The fact that there currently does not seem to be a role for the CIC military operational classification (MOC - interesting word "operational"...) at all is disconcerting, especially when one considers that this is the largest officer corps in the country.   

I look forward to reading some thoughtful responses on this issue.


----------



## Michael OLeary (7 Nov 2005)

Given the broad range of experiences and backgrounds, there would likely be a requirement for individual cases to be assessed and varying entry programs opened to meet suitable candidates. They could range from acceptance at the most basic training levels in other classifications, to the filling of operational, staff or training billets based on existing skillsets. I can't see there being a blanket appraoch given the diversity of abilities and past training (or lack thereof).


----------



## redleafjumper (7 Nov 2005)

Thanks for a rapid and thoughtful response Michael.  That is where my own thoughts on the matter lie, but what concerns me is that there does not appear to be any official plan in place.  Perhaps what you suggest is what may well happen.


----------



## Big Foot (7 Nov 2005)

I doubt that there would be a standard role for CIC officers if there was a situation of all-out war in Canada. While acknowledging the fact they do indeed hold a Royal Commission, the training which they receive has no equivalent with the Regs or ResF. For example, the things learned on BOQ bear little to no resemblence to the things taught on IAP/BOTP. As a result, they lack even the rudimentary training expected from officers. They would need to be entirely trained before they could be sent to war because they are only given the very basics of military training and therefore, if sent as is, would be a liability to themselves and their troops. So I would say no, CIC officers, with the exception of those with prior service would not be of use to the system without further training.


----------



## redleafjumper (7 Nov 2005)

One correction Bigfoot, the CIC is a sub-component of the Primary Reserve, they are part of the reserve force.  The military training received is specific to the MOC and is certainly different than that of other MOCs.  I would dispute that CIC officers as a class lack even the most rudimentary training expected from officers - I would say that CIC have the basic training expected of officers, as they are in fact commissioned officers as you correctly pointed out.  Certainly for many additional training would be required prior to being sent off to war.


----------



## Big Foot (7 Nov 2005)

Redleaf, my point was that CIC officers do not complete IAP/BOTP and therefore do not receive the same training as the rest of the officer corps. Reserve officers, yes, however they do not receive the same training, even on a basic level, as any other officer in the CF. Look at it this way, do CIC officers receive training on things such as the military estimate, SMESC format, etc? These are just basic essentials for officers. I'm really not sure if they are things that are taught on BOQ.


----------



## primer (7 Nov 2005)

On the Army CIC side we must do a course of ether MOC or JOLC that's cover the basic skills of how to command. JOLC is designed as a Platoon Commanders Course and yes we did cover MILITARY ESTIMATS and SMECS.

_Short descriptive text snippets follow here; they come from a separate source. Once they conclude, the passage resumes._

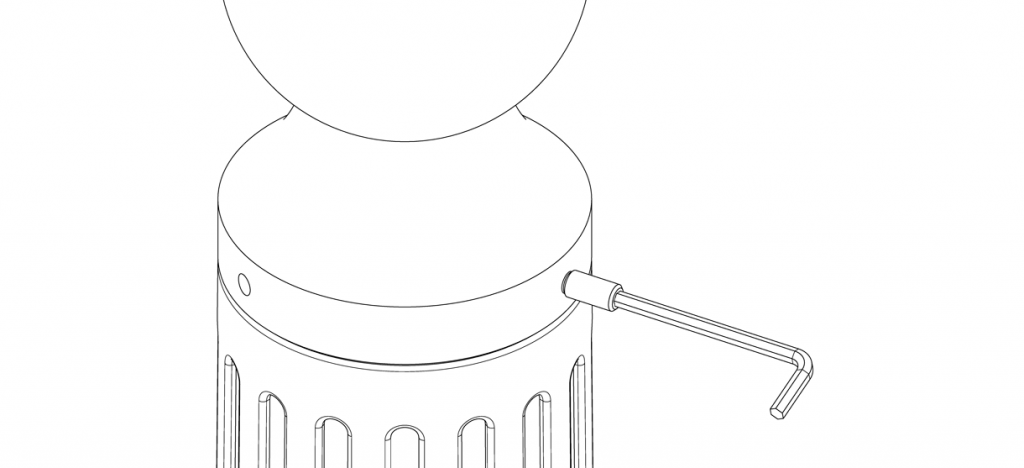 Diagram showing the bollard cap on top of the bollard base with a set screw being tightened with the hex key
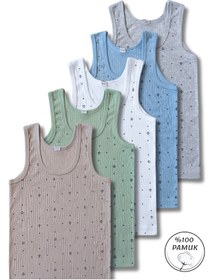 Resim Panfilia %100 Pamuk Erkek Çocuk Fitilli Atlet 5'li Set / Fanila / İç Çamaşır 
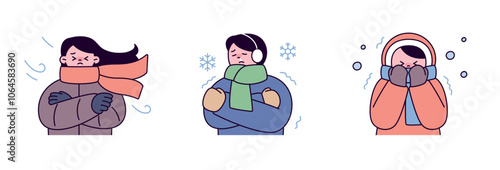 People wearing winter clothes are shivering in the cold.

As a CIC officer I think that we can contribute to the call of duty if needed in a time of crises. The CIC have a vast experience of lifetime skills. Most CIC officers have some prior military training as in the P-Res or Reg force. All CIC officers are professional instructors as we meet or surpass CFSAL standards as instructors. If we do get a call I can see the CIC working in a mostly support rolls. Even CIC Air Officers that have pilot licenses might have the chance to fly for the Air Force with the proper training.

During the Ice Storm we had here in Eastern Ontario. We got the call to assist in any way we can. There were CIC officers from RMC (Kingston) that were commanding soldiers in a few command posts across their city and on foot patrols from house to house seeing if anyone needed any military assistance. Here in Ottawa and Western Quebec CIC officers helped with working with the young and old in shelters or unloading trucks with generators or food. We are really no different give us the training that's all we need.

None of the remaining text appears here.